Specifically, the code section mandates that any individual commits elder abuse when he or she knows (or should know) that an individual is an elderly adult (typically over 65 years of age) and under the circumstances, allows or causes that elderly person to suffer unjustifiable physical or mental pain, is guilty of violating this code section. Further, allowing an elderly person to be placed in a situation where his or her health is in danger, this code section is violated as well. Finally, emotional abuse in the form of mental suffering or any other recognizable form, neglecting an elder, or financial abuse (stealing, convincing an elderly person to pay for unjustified expenses, etc.) is all conduct that constitutes elder abuse and can result in a criminal charge and an elder abuse restraining order.

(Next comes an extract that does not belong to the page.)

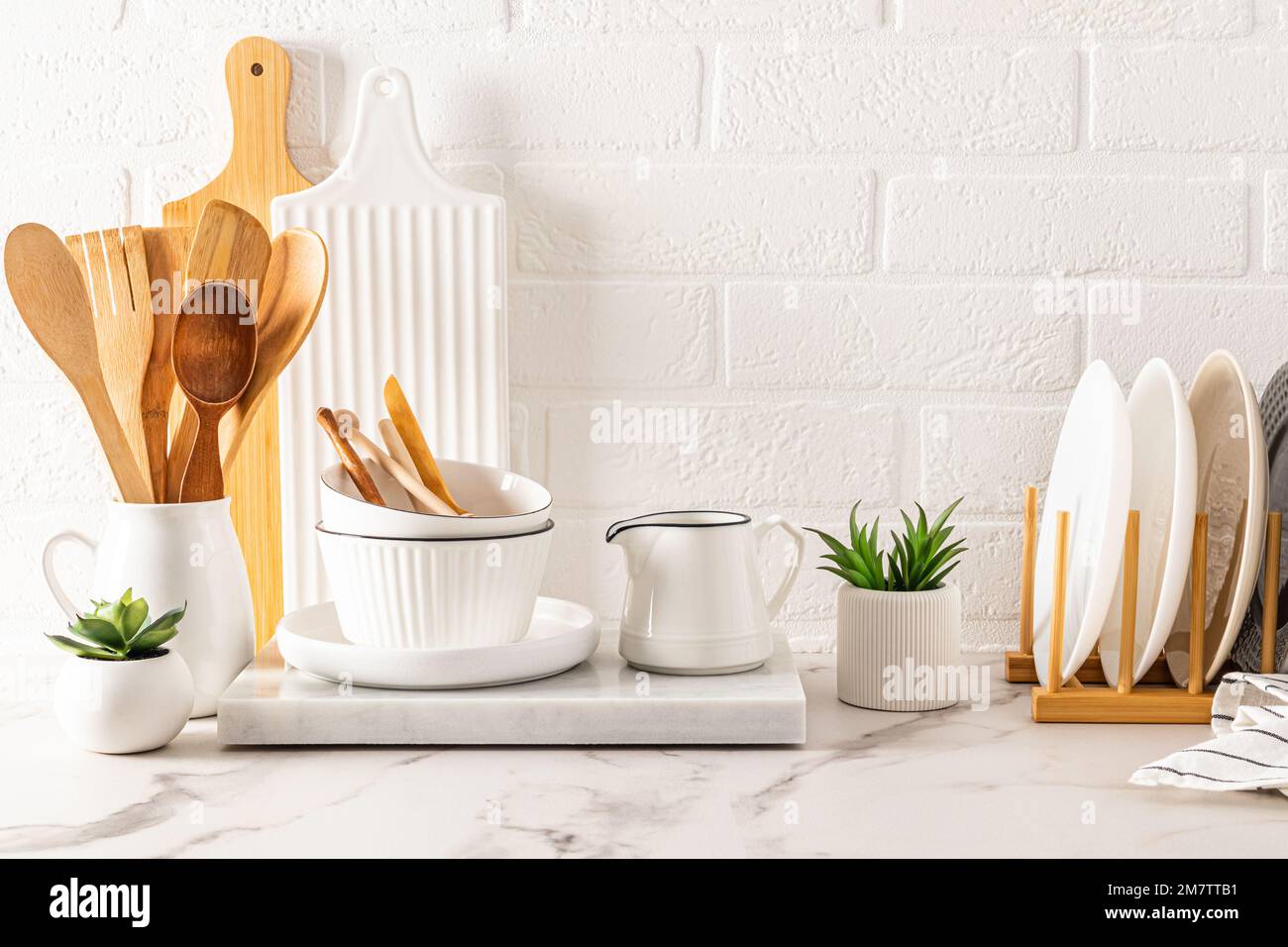 White ceramic utensils and kitchen utensils on a wooden countertop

A violation under this code section carries various penalties, depending on the severity of the crime itself. Absent injury of prior convictions, a violation of Penal Code Section 368 can be considered a misdemeanor with not possibility for a sentence of state prison (county jail custody is a possible sentence for this misdemeanor). However, if injury or death occur in the commission of elder abuse by any person, the crime is considered a “wobbler.” A “wobbler” is a crime that can be considered a misdemeanor or a felony, at the discretion of the judge and prosecutor (either, at certain times, can reduce a felony “wobbler” to a misdemeanor). A felony carries the potential of a sentence to California State Prison.
For an individual to be guilty of misdemeanor elder abuse, it must be proven that you (or another person acting with your consent) willfully or with gross criminal negligence personally subjected an elderly person to unjustified mental anguish or physical pain (unjustified). Further, it must be proven that you knew or should have known the elder individual’s age and it must be proven that the conduct occurred under circumstances that may have endangered the life or health of the senior citizen.
For a person to be convicted of felony elder abuse in California, it must be proven that you (or another person acting with your consent) willfully or with gross criminal negligence personally subjected an elderly person to unjustified mental anguish or physical pain (unjustified). Further, it must be proven that the conduct occurred under circumstances likely to produce injury or death and it must be proven that you knew or should have known that the individual was an elderly person.
Defenses to elder abuse in a criminal case are often similar to elder abuse restraining order defenses. Often, when an elderly person makes a financial gift to any person, other individuals who believe that they should be entitled to that money allege elder abuse. Simply gifting monies or other items to a person is not alone enough evidence of elder abuse, either in a restraining order context or in a criminal case. If an alder abuse restraining order (or elder abuse criminal charges) have been filed against you, always seek the help of a qualified restraining order attorney or a qualified criminal defense attorney.